「こんにちは、鳥居坂署でーす」
「管内で特殊詐欺が多発していまーす」
スーツに防犯腕章をはめ、巧お手製の『振り込め詐欺に気を付けよう』ビラを手に、鳥居坂署犯罪抑止係の面々は麻布十番駅近辺で活動中である。
午前九時、行き交う人は会社員が多く、ビラを受け取ってくれる人は少ない。遅刻であろう女子高生にぶつかられ、ビラを受け取ってくれたおばあちゃんには「うちの人がこの前騙されちゃってねえ」と被害相談をされ、小一時間ほど捕まる。巧にはいつもの仕事だ。

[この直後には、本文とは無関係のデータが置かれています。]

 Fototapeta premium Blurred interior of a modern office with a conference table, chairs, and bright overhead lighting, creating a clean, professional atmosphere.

もちろん同僚の井草も古嶋も参加しているが、井草は女性会社員ばかりを狙って声をかけるし、古嶋は声が小さく、肘を曲げた格好でビラを差し出しているので誰も受け取ってくれない。
「よし、次はATM警戒だ」
誉の号令で、四人は麻布十番の銀行ATMの見回りに入る。ATMを使う高齢者に声掛けをし、不審な振り込みがないか確認するのだ。
これはなかなか効果的な防止策なのだが、残念ながら鳥居坂署犯罪抑止係ではいまだ目に見える成果を残していない。

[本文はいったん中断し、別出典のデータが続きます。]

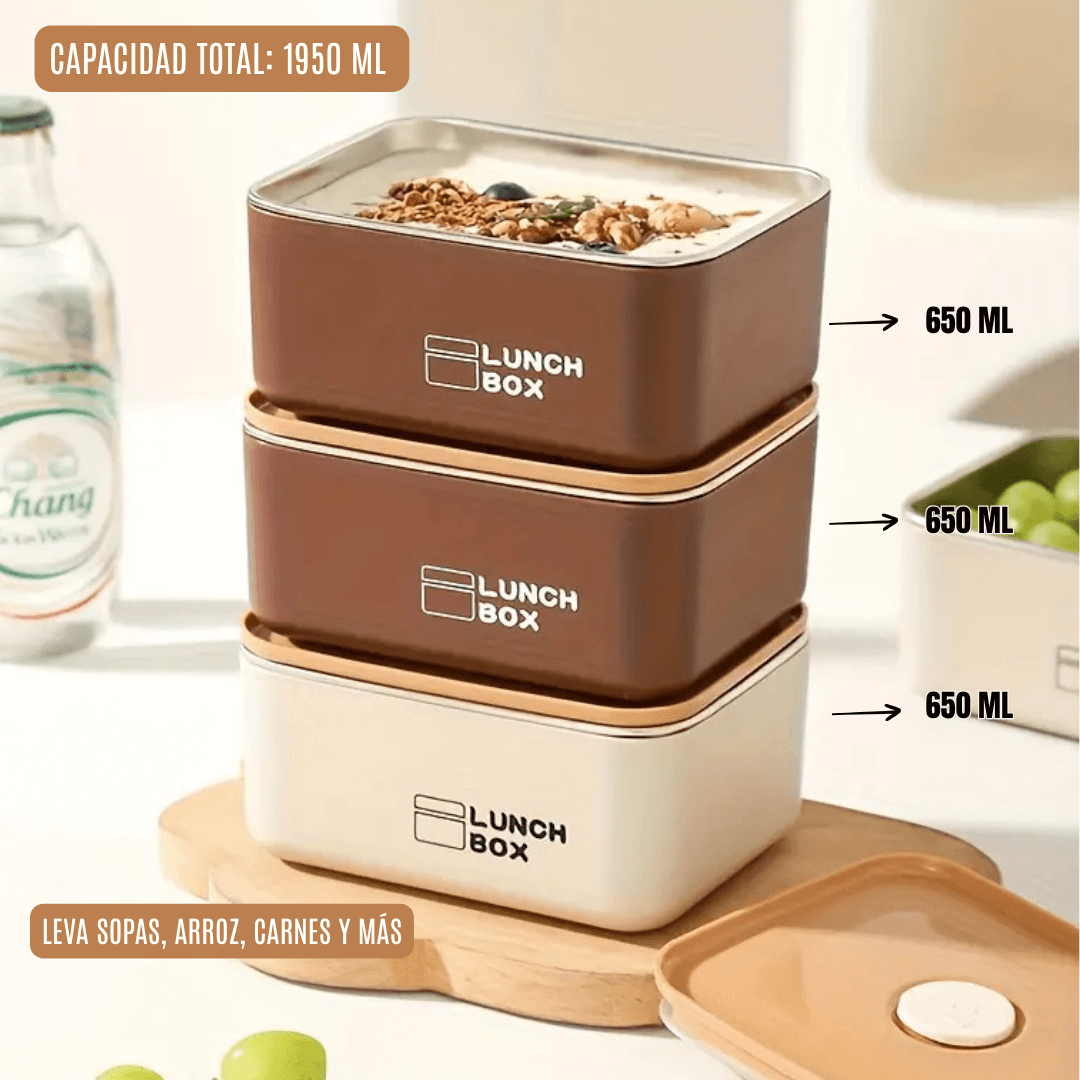 SUPER PACK x3 PORTACOMIDAS TERMICOS + MALETA ISOTÉRMICA Y ¡OBSEQUIO!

ビラくばりとATM警戒を実施すると、午前も終わる時刻となっていた。
「御堂係長~、そろそろ帰りませんか~」
井草がうーんと伸びをしながら提案する。
ビルの隙間に差し込む初夏の日差しは強く、午前いっぱい外にいると随分日焼けしたように感じる。私服勤務の犯罪抑止係はかっちりスーツ姿である。背中は汗で気持ち悪いほどだ。